_WHAT TO PRODUCE_.
Strip the pictures, then copy the remaining data exactly as it stands.

_INFORMATION PROVIDED_.
☆ ☆ ☆ ☆ ☆
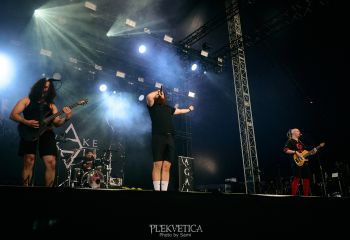 awake-again-sami-kaerki_16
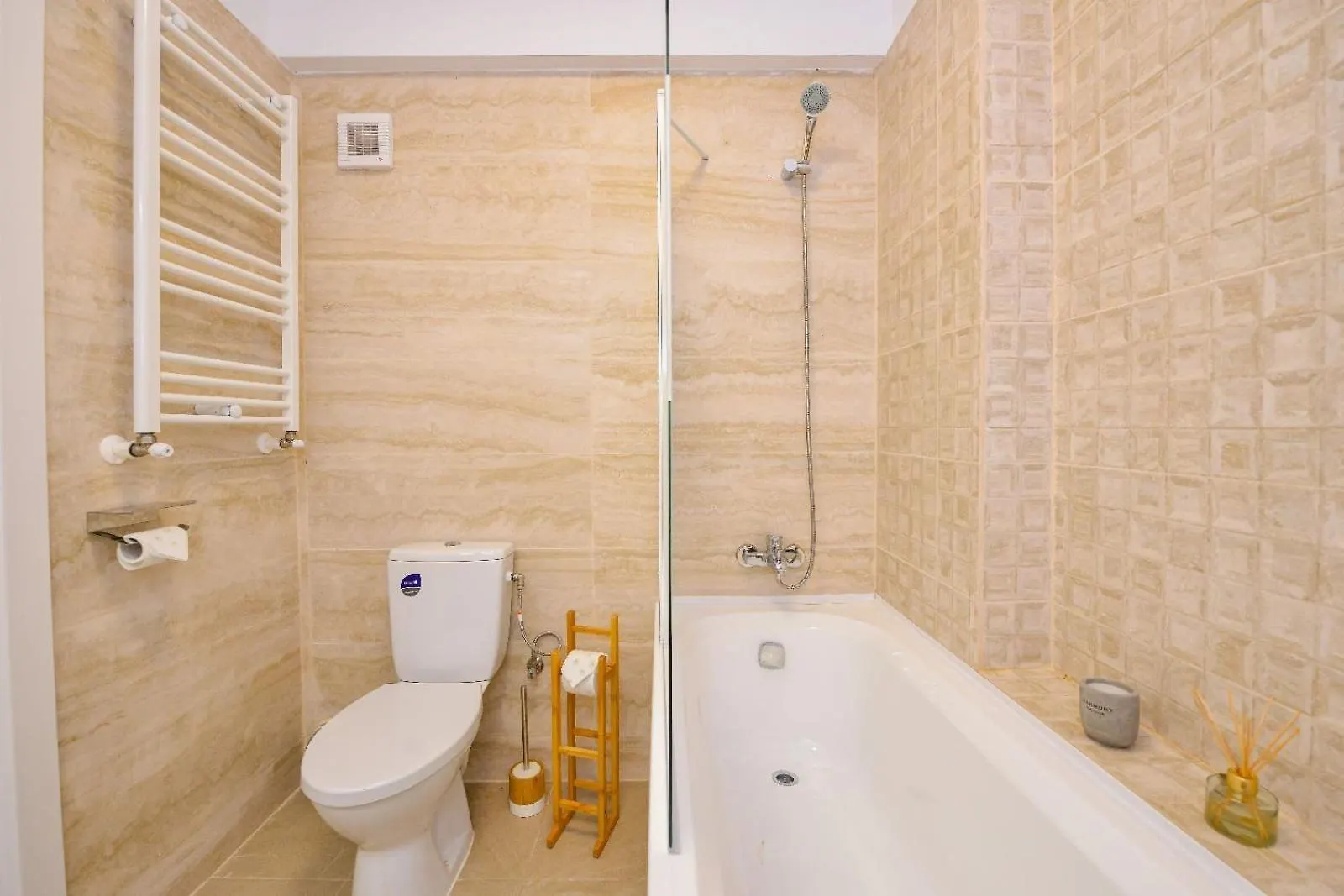 Bucharest Apartment - Private Parking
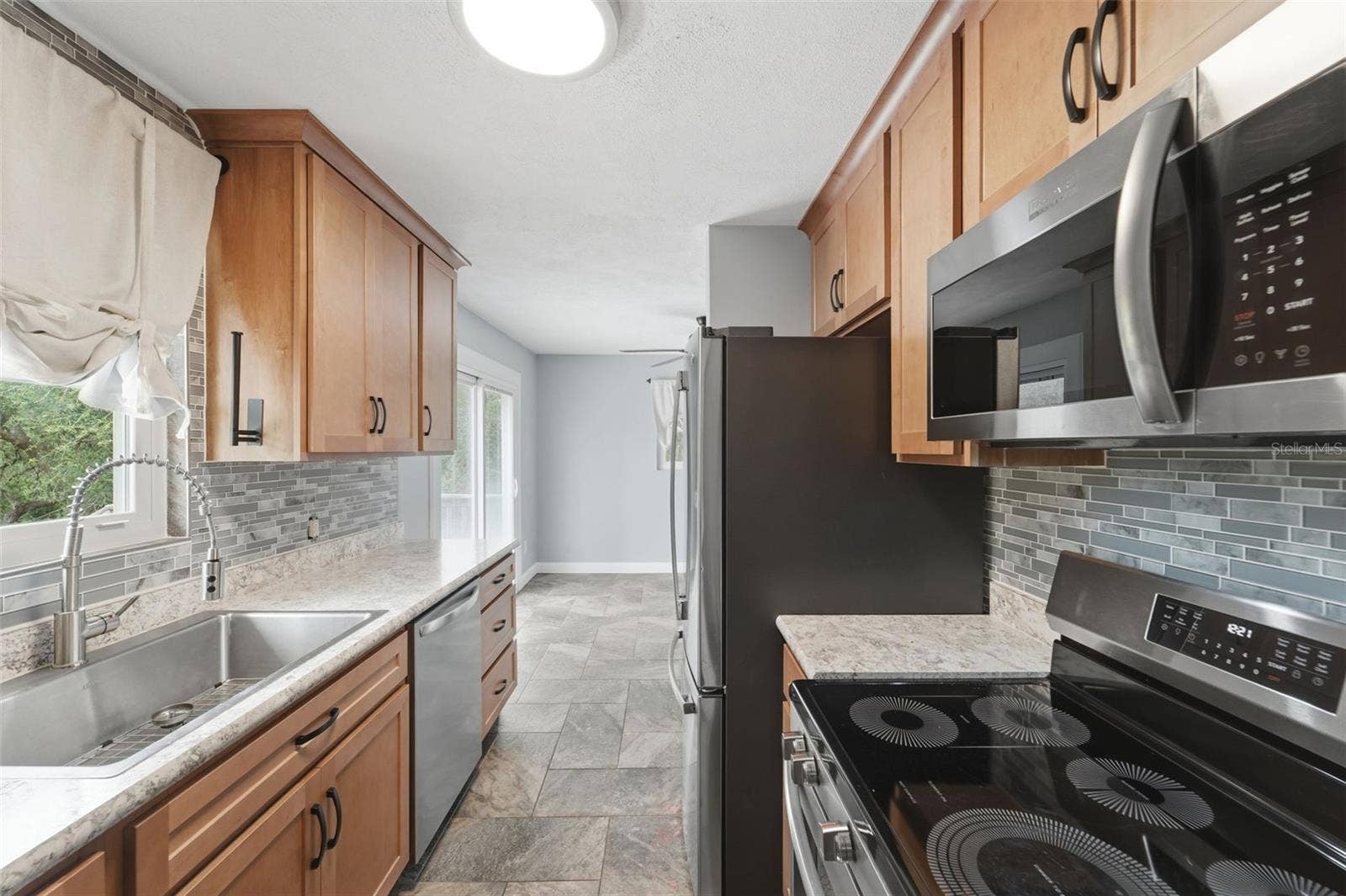 41707 ASPEN ST, Eustis, FL 32736 Kitchen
☆ ☆ ☆ ☆ ☆
_ANSWER SECTION_.
 awake-again-sami-kaerki_16
 Bucharest Apartment - Private Parking
 41707 ASPEN ST, Eustis, FL 32736 Kitchen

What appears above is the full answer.